Updated: 19-Jun-2001 NATO Speeches

At the Chicago Council on
19 June 2001

NATO's Challenges: Illusions and Realities

Speech by NATO Secretary General, Lord Robertson

Ladies and Gentlemen,

It is a great pleasure to be here this evening at the Chicago Council. There is no place like Chicago for taking the measure of the real America - outside the Washington Beltway, and away from the worlds of New York and Los Angeles, which are "unique" to say the least.

But it also a sad occasion, because it is the last day when I will see my friend, John Rielly, safely ensconced at the helm of this great institution, which he has built up so effectively over the years. For thirty years, he has been the Secretary of State for Middle America - a record even Henry Kissinger would envy. The only thing that exceeds the sense of loss I feel at seeing John retire, is the sense of sympathy I have for his successor, who is going to need awfully big feet to fill these shoes. John, we will miss you.

The sub-title for my talk this evening - which the Council proposed and I accepted - is "illusions and realities." I thought this would be an easy one. What the press says about NATO is the illusion, and what I'm going to tell you this evening is the reality. You may think that's a joke - but I'm not kidding.

Discussing such gaps in perception is indeed a fitting subject here in Chicago. Because in conveying the reality of Chicago as a vibrant centre of culture and the arts, this city is sometimes still engaged in an uphill struggle against false images, some of them more than half a century old. Al Capone and tommy guns, for example.

Just recently, a European colleague told me that when he visited Chicago he asked to see the famous slaughterhouses that he had known from gangster movies. Only upon his arrival did he learn that they had been dismantled almost 30 years ago. Another example of the persistence of outdated images. The good news: my colleague plans to return to Chicago -- because he was so impressed with the many cultural events on offer. As so often, it pays to have a closer look.

NATO faces a similar challenge of perceptions, and recent events have underscored this fact once again. Last week, we had the first meeting of NATO Presidents and Prime Ministers since the 1999 Washington Summit. It was the first chance for the European leaders to meet together with President George W. Bush. This followed on NATO Foreign and Defence Ministers' meetings during the previous two weeks.

I believe the NATO leaders came away from these meetings more committed to a common approach, and with a greater sense of NATO solidarity, than at any time in the past several months. And yet if you read the papers, you would think anything but this was the case. The image portrayed in large parts of the press is one of an Alliance split over missile defence, over EU defence plans, over our engagement in the Balkans, over NATO enlargement -- to name just a few issues.

What explains such a divergence between public image and reality? Is the media to blame for making up bad stories, simply because bad news sells better? Or do we ourselves have a "tunnel vision" that makes us see progress even when there isn't any?

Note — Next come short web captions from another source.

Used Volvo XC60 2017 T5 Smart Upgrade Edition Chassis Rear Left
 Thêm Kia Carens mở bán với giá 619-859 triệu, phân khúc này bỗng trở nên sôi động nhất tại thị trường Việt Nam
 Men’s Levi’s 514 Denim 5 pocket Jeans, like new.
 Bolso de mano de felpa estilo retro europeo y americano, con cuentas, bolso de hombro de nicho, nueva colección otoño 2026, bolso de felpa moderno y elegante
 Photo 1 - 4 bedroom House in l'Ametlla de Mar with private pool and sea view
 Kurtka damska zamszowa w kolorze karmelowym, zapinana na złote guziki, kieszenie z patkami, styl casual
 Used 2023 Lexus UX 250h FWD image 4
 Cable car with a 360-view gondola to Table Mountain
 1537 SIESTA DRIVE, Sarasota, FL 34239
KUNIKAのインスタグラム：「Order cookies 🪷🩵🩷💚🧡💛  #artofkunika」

I believe the answer lies in the fact that many observers simply haven't come to grips with the role of NATO in today's security environment. Sub-consciously, at least, they still judge NATO by the yardsticks of the Cold War: a passive Alliance, engaging in the stately management of East-West antagonism; an Alliance united in its single purpose of deterring a major conflict.

Those days are gone. They ended with the Cold War. Instead of building massive, unused systems to defend against a Soviet ground invasion, NATO today is actively engaged in shaping the new strategic environment - in crisis management in the Balkans, in building partnerships with nations to the East, and preparing for the emerging challenges of a new century. Simply put, NATO has moved from simply being into doing. And "doing" is by definition more difficult -- and more controversial.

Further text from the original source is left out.